Saturday, March 31, 2007

Works of Art



Butterflies are everywhere in the jungle! I had to chase after these and take about 30 pix to get these shots. Thank goodness for digital cameras!

Thursday, March 22, 2007

It's a Jungle out there!

Last weekend I spent my first night in the jungle! Traveling down the eastern slope of the Andes, we reached Tingo Maria in just 3 hours.

We spent about 30 minutes waiting for these two bus drivers who were nose to nose in the middle of landslide debris. I heard that's not very long to wait for someone to back up. Ironically they were from the same bus company, but neither driver felt he should be the one to move. You can imagine that nobody gets very far down the road when cars are line d up single file yet facing both directions!

Emily and Katie, two friends who work with Paz y Esperanza (see blog about the River Swing), came with the Bensons and I. It was a great break from "the routine", which doesn't feel much like a routine yet. :) I'll post more jungle pix and stories soon!

Monday, March 19, 2007

Graduation Night!

I first met these four CEFMA graduates when I took a Quechua grammer class my first week in Huanuco.
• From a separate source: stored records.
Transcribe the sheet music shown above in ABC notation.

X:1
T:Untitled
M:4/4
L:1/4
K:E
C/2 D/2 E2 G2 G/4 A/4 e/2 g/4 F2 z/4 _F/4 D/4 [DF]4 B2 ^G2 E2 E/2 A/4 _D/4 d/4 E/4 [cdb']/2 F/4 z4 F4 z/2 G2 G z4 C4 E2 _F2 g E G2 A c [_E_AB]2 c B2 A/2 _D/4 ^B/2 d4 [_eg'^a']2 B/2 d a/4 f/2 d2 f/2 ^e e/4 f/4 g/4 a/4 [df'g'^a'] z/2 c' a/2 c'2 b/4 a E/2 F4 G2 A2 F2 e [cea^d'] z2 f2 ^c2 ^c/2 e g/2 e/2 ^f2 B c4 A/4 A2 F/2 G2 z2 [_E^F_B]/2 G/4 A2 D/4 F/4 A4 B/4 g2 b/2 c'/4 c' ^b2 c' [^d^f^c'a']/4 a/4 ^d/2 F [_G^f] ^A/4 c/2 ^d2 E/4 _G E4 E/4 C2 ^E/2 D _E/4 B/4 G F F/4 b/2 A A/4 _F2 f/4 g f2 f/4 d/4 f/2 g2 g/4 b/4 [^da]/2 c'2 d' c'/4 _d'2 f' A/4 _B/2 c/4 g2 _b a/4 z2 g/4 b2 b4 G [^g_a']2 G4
A few Fridays ago, they graduated from the CEFMA program, which is 3 summers long, and prepares them for service in missions here or around the world. The theme was from Hudson Taylor's life, which is really exciting for me because my greatest dream for these people groups is to see them reaching the world for Christ! Everyone wore the traditional dress from their area. (Check out the 2 different styles and colors of hats the women are wearing. Hats and the patterns and colors of clothes are among the clues you can use to know what part of the Andes someone is from, even before they open their mouth. Just in case you are wondering, no one ever thinks I might be from around here, and they usually guess correctly that I'm from the States!)

Friday, March 09, 2007

Training teachers

2 weeks ago we held the next in a series of workshops for 14 Huamalies Quechua women. They are being trained in adult education and Bible study, and will be teaching workshops for another 60 women over the next 6 months. These 60 women are leaders in their churches and they will be teaching at least another 500 women between now and December. What a great chance to empower these women to teach and train others! It's also thrilling to know that, for the first time, these hundreds of women will get to study the Bible in their own language!
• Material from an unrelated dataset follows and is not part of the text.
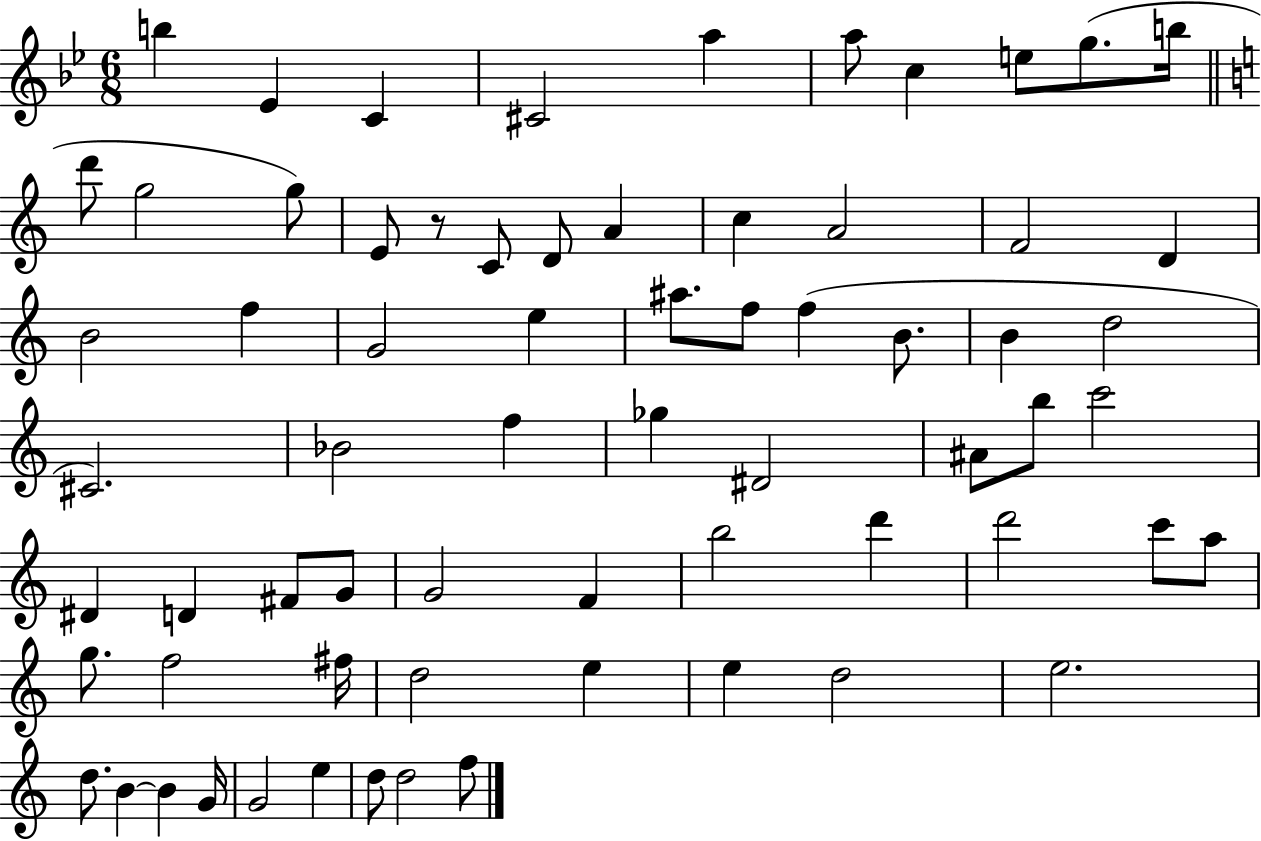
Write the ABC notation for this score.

Photos: Jan leading a lesson planning session; Bottom left: Keila, a new friend!; Bottom right: Celestina practicing teaching


Monday, March 05, 2007

Adventura!

Yes, that’s me, out over the river! I’m riding in what they call a “river swing”. Really it’s a metal chair on a pulley system, so the guy across the river can haul people over to his side of the river. I had taken a bus to a spot about 30 minutes out of Huánuco, where my friend Elena and I got off. We shimmied down the hillside to the river swing, Elena in heels! Once across the river, we crossed a few fields and then reached our destination: the Paz y Esperanza camp. It’s basically a retreat center for this group that works toward justice and restoration for those that have been abused-- physically, emotionally, or politically (i.e., restitution from the years of terrorism).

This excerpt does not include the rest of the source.